**Supplied data**:
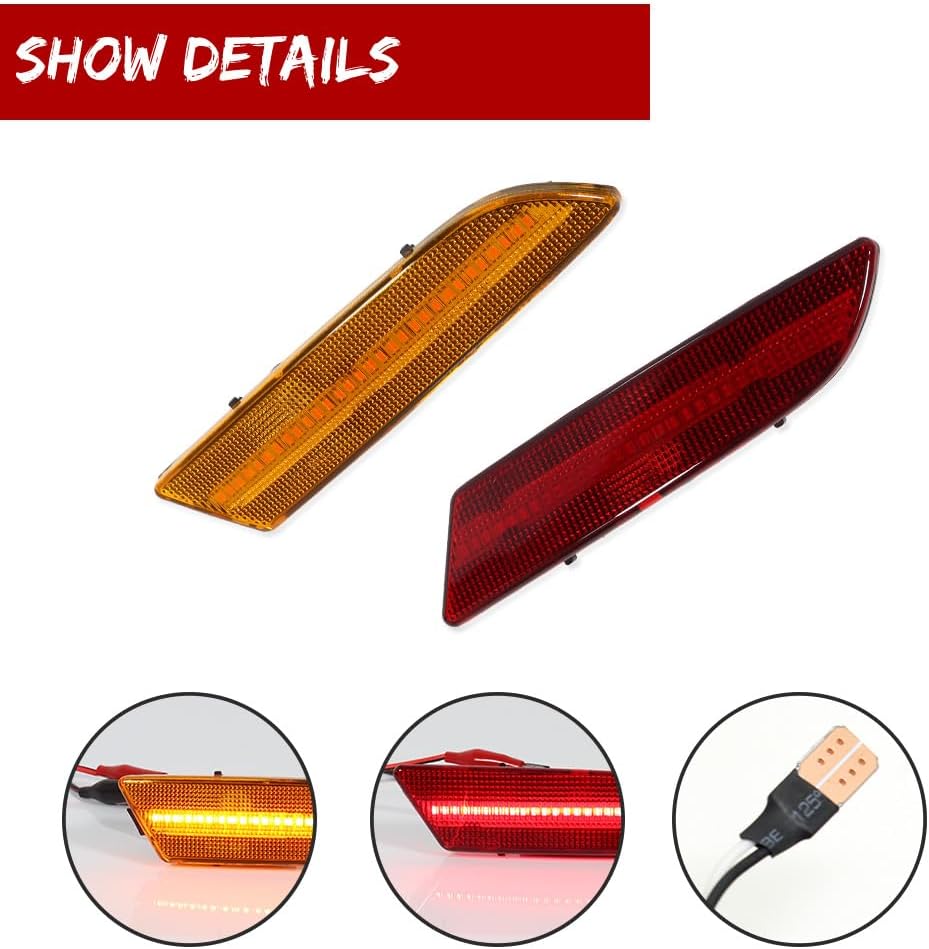 Front Amber Lens & Rear Red Lens Bumper Side Marker LED Light Compatible with 2004 2005 2006 2007 2008 Chrysler Crossfire, pack of 4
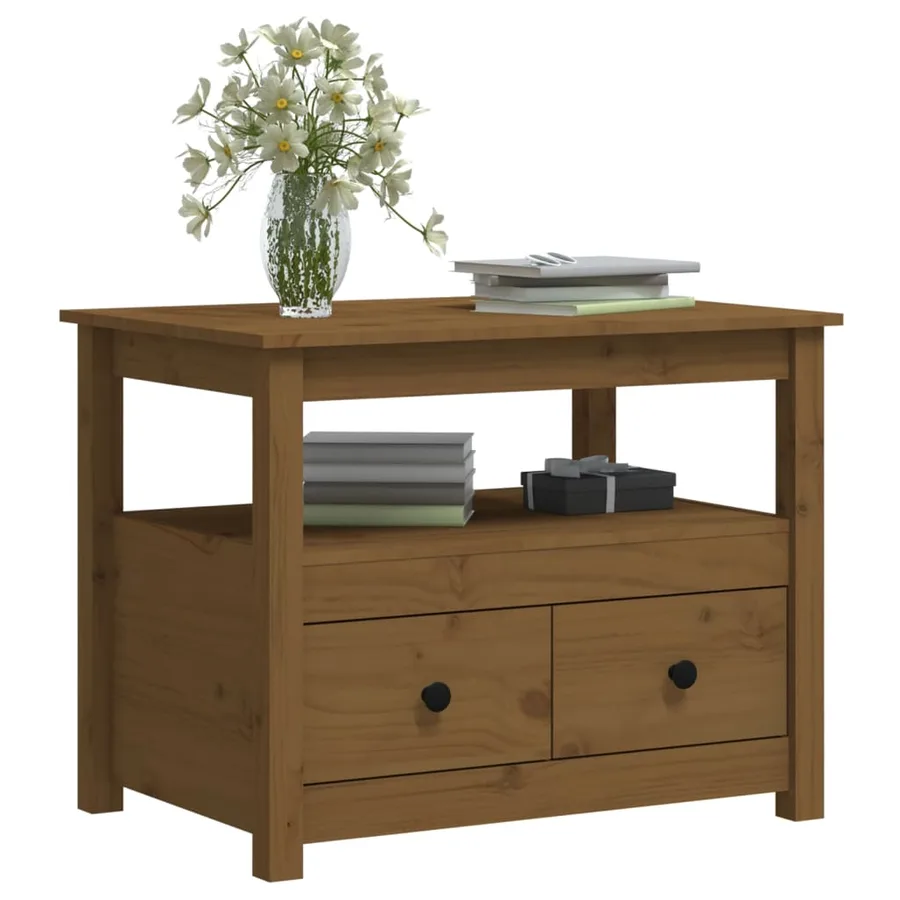 Table basse Marron miel 71x49x55 cm Bois massif de pin - 5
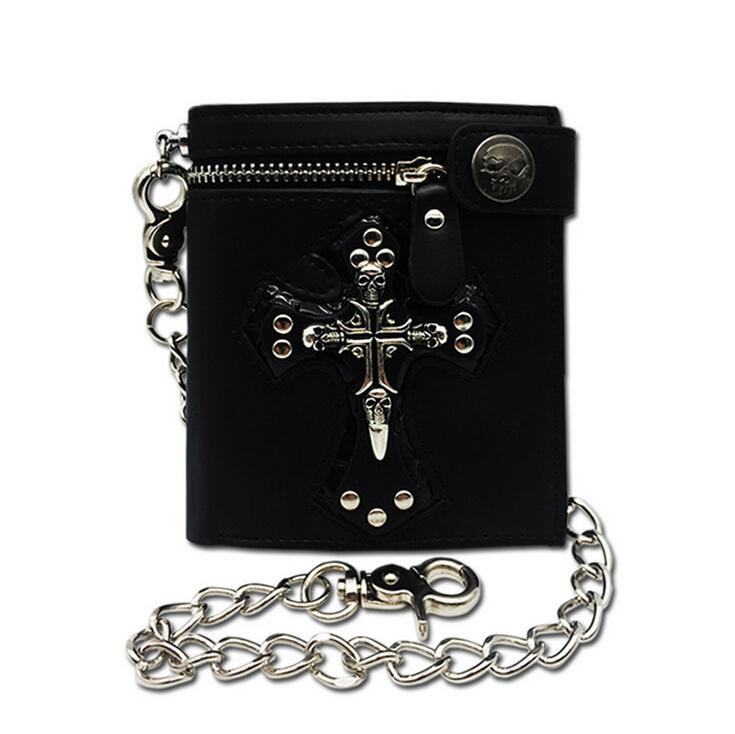 Mens Gothic Cross Clasp Leather Wallet with Antique Biker Chain Black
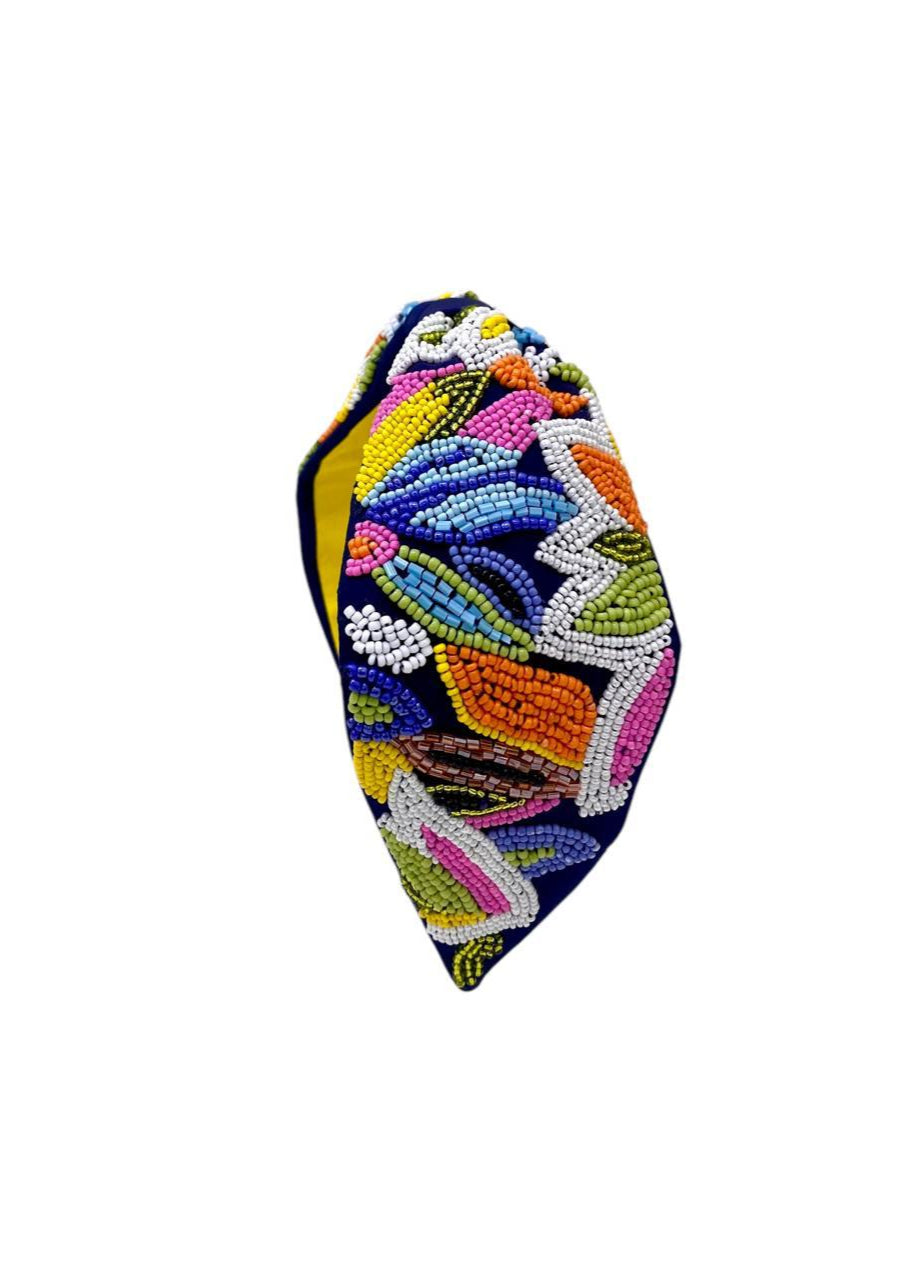 Blue Floral Handmade Beaded Embroidered Hairband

**Assignment**: Without the pictures, transcribe the listing exactly as it stands.

**Result**:
 Front Amber Lens & Rear Red Lens Bumper Side Marker LED Light Compatible with 2004 2005 2006 2007 2008 Chrysler Crossfire, pack of 4
 Table basse Marron miel 71x49x55 cm Bois massif de pin - 5
 Mens Gothic Cross Clasp Leather Wallet with Antique Biker Chain Black
 Blue Floral Handmade Beaded Embroidered Hairband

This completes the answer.